What you need to do »
Each line of the listing is to be copied exactly.
Top of Information supplied
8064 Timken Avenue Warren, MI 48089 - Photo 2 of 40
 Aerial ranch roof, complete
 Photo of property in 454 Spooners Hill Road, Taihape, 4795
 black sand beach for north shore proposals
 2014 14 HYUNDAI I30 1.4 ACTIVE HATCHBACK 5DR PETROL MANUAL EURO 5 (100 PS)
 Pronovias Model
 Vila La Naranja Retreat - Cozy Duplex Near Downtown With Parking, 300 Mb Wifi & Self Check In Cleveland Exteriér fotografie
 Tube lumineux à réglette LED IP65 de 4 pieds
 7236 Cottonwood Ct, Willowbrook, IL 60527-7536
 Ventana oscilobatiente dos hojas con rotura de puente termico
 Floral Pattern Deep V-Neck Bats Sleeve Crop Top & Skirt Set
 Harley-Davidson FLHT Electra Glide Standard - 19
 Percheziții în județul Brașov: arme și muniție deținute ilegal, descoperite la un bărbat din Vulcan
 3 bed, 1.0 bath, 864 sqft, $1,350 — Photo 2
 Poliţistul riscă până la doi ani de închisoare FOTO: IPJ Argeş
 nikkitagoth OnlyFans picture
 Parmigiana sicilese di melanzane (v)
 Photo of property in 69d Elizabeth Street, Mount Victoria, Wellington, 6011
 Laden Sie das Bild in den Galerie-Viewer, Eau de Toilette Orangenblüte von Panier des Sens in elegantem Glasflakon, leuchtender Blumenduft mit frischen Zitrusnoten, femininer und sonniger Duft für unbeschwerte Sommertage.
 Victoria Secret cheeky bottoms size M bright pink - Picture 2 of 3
Bottom of Information supplied
Task solution »
8064 Timken Avenue Warren, MI 48089 - Photo 2 of 40
 Aerial ranch roof, complete
 Photo of property in 454 Spooners Hill Road, Taihape, 4795
 black sand beach for north shore proposals
 2014 14 HYUNDAI I30 1.4 ACTIVE HATCHBACK 5DR PETROL MANUAL EURO 5 (100 PS)
 Pronovias Model
 Vila La Naranja Retreat - Cozy Duplex Near Downtown With Parking, 300 Mb Wifi & Self Check In Cleveland Exteriér fotografie
 Tube lumineux à réglette LED IP65 de 4 pieds
 7236 Cottonwood Ct, Willowbrook, IL 60527-7536
 Ventana oscilobatiente dos hojas con rotura de puente termico
 Floral Pattern Deep V-Neck Bats Sleeve Crop Top & Skirt Set
 Harley-Davidson FLHT Electra Glide Standard - 19
 Percheziții în județul Brașov: arme și muniție deținute ilegal, descoperite la un bărbat din Vulcan
 3 bed, 1.0 bath, 864 sqft, $1,350 — Photo 2
 Poliţistul riscă până la doi ani de închisoare FOTO: IPJ Argeş
 nikkitagoth OnlyFans picture
 Parmigiana sicilese di melanzane (v)
 Photo of property in 69d Elizabeth Street, Mount Victoria, Wellington, 6011
 Laden Sie das Bild in den Galerie-Viewer, Eau de Toilette Orangenblüte von Panier des Sens in elegantem Glasflakon, leuchtender Blumenduft mit frischen Zitrusnoten, femininer und sonniger Duft für unbeschwerte Sommertage.
 Victoria Secret cheeky bottoms size M bright pink - Picture 2 of 3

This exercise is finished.